Say you have $N$ people and $T$ tables. Each person will visit every table over the course of $T$ sessions. We want to keep the distribution of people across the tables during the sessions as even as possible. As a secondary goal, we also want to mix people up as much as possible so that the same groups of people aren't going from table to table together.
I've seen several questions on SE about setting up similar networking events that had strict restrictions, such as the same number of people have to be at every table every session and no two people can be at the same table together more than once. This is a less restrictive version of this kind of problem, and I'd like to see if there are any clever ideas for how to go about setting this up.
In my particular problem, I have $N=50$ people and $T=6$ tables. So essentially I'm looking for 50 permutations of $[6]$ such that each position in the permutation contains each value roughly the same number of times, and the Hamming distance between any two permutations shouldn't be "too" small.
Since $6$ does not divide $50$, the best we can do for distribution is four tables of $8$ and two of $9$ for each session.
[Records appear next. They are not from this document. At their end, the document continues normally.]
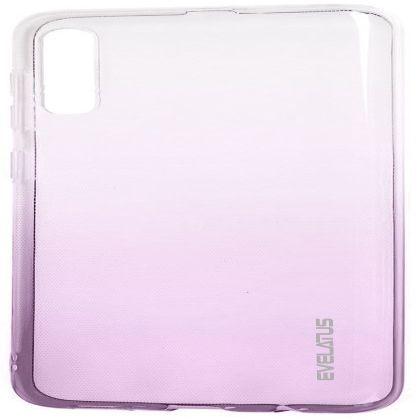 Produktbild Evelatus A50 Gradient TPU Case (Samsung Galaxy A50, Samsung Galaxy A50s, Samsung A20, TCL A30, Samsung Galaxy A30s)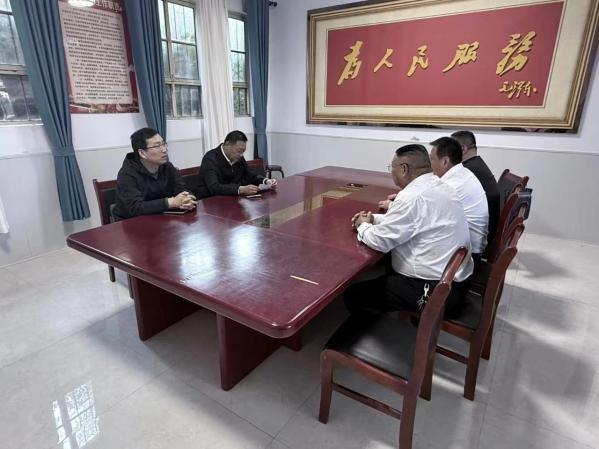 图片 1.jpg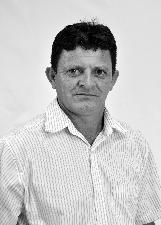 Foto de CAMILO MANOEL ZUBA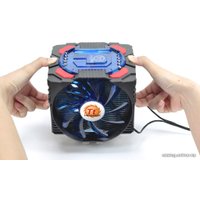 Кулер для процессора Thermaltake Frio OCK (CL-P0575)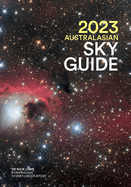 2023 Australasian Sky Guide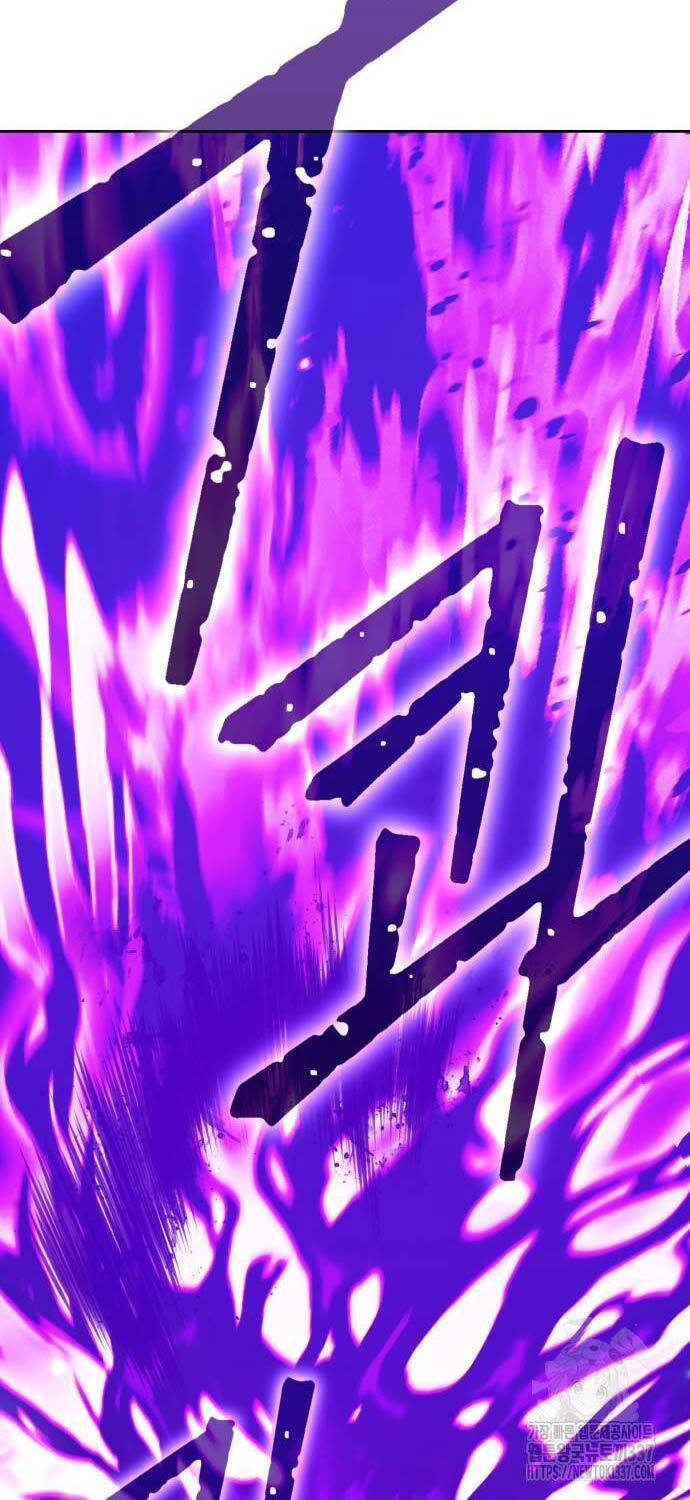 Gậy Gỗ Cấp 99+ Chap 102 - Next Chap 103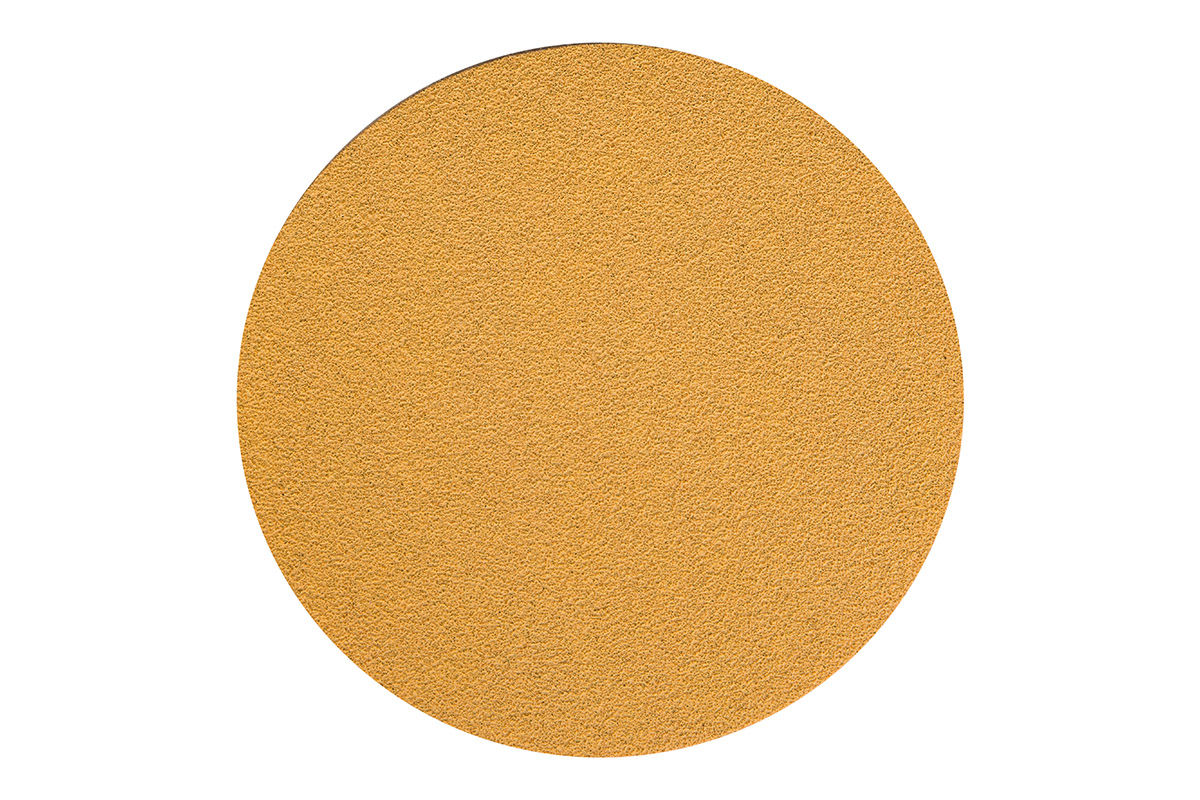 0034-23612-002.jpg Mirka Gold 125 mm Grip - Nhất Quán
How I've attacked the problem so far is to generate 50 random permutations of $[6]$ and then make swaps within various permutations in order to get the distributions correct for each session. This method optimized the distributions, but the Hamming distance suffered. I ended up with two permutations that were the same, and many others matched in three or four positions.
I'm wondering if there is a method to optimize both, or at least a procedure that can be followed to generate a set of arrangements that are good. This feels like a block-design problem, but I don't know enough about the different flavors of block-designs to know if this fits nicely into an already-solved category. Thank you.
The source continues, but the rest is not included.